## About this exercise
Your task is to repeat the entries word for word while leaving out the pictures.

## Captioned web images
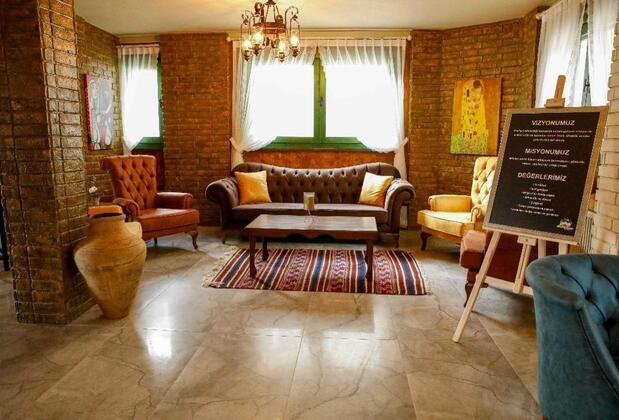 Kazdağı Atilabey Konağı Butik Otel - Görsel 7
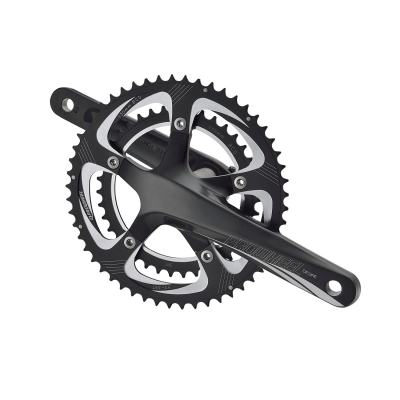 Система PROWHEEL DESIRE-621-TT-1, шатун 170, звёзды 53-39T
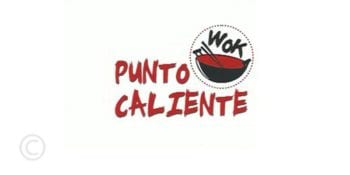 Restaurantes-Punto Caliente Wok-Ibiza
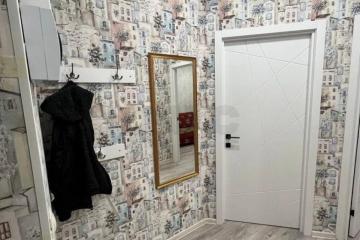 Фото №3: 1-комнатная квартира 37 м² - Краснодар, мкр. имени Петра Метальникова, ул. Петра Метальникова, 38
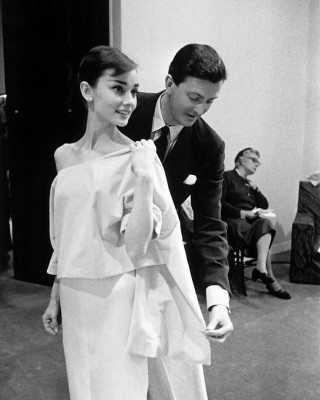 Audrey Hepburn pic #1157197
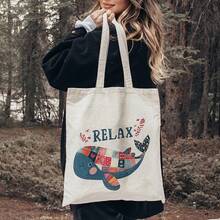 Kids Shoulder & Tote Bags - A - View 1
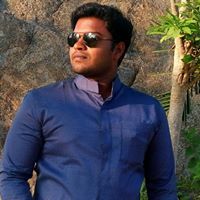 Naresh Kumar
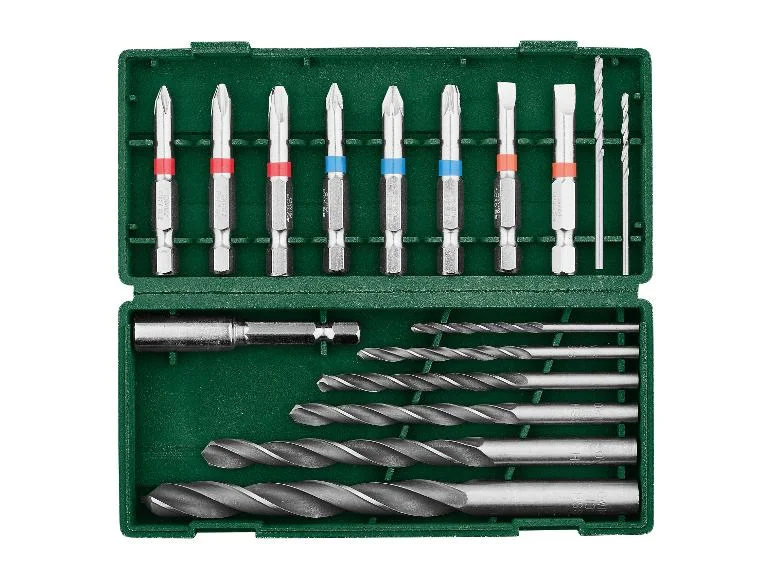 Perceuse-visseuse sans fil PABS 20-Li I9, 20 V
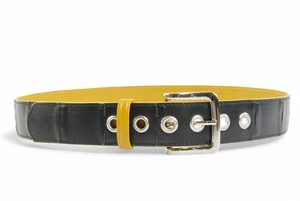 Leather Belt from Elvis & Kresse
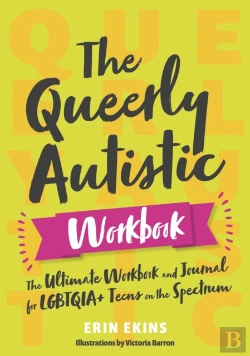 Bertrand.pt - The Queerly Autistic Workbook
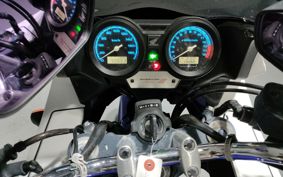 HONDA CB400SFV-3 BOLDOR 2007 NC39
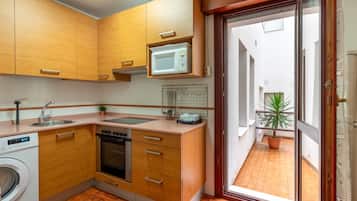 Cucina privata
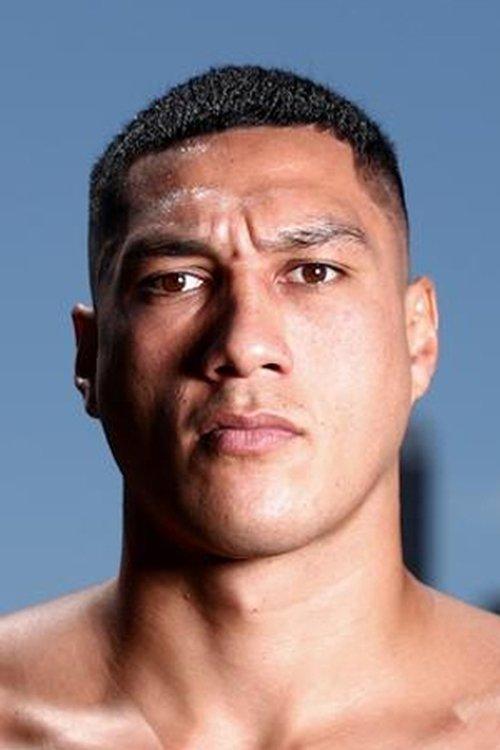 Jai Opetaia fotoğrafı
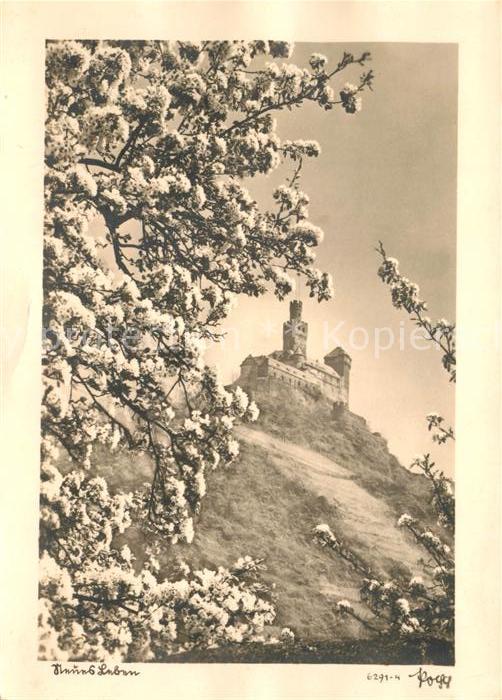 Foto Popp Nr. 6291-4 Neues Leben Burg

## Answer to this exercise
 Kazdağı Atilabey Konağı Butik Otel - Görsel 7
 Система PROWHEEL DESIRE-621-TT-1, шатун 170, звёзды 53-39T
 Restaurantes-Punto Caliente Wok-Ibiza
 Фото №3: 1-комнатная квартира 37 м² - Краснодар, мкр. имени Петра Метальникова, ул. Петра Метальникова, 38
 Audrey Hepburn pic #1157197
 Kids Shoulder & Tote Bags - A - View 1
 Naresh Kumar
 Perceuse-visseuse sans fil PABS 20-Li I9, 20 V
 Leather Belt from Elvis & Kresse
 Bertrand.pt - The Queerly Autistic Workbook
 HONDA CB400SFV-3 BOLDOR 2007 NC39
 Cucina privata
 Jai Opetaia fotoğrafı
 Foto Popp Nr. 6291-4 Neues Leben Burg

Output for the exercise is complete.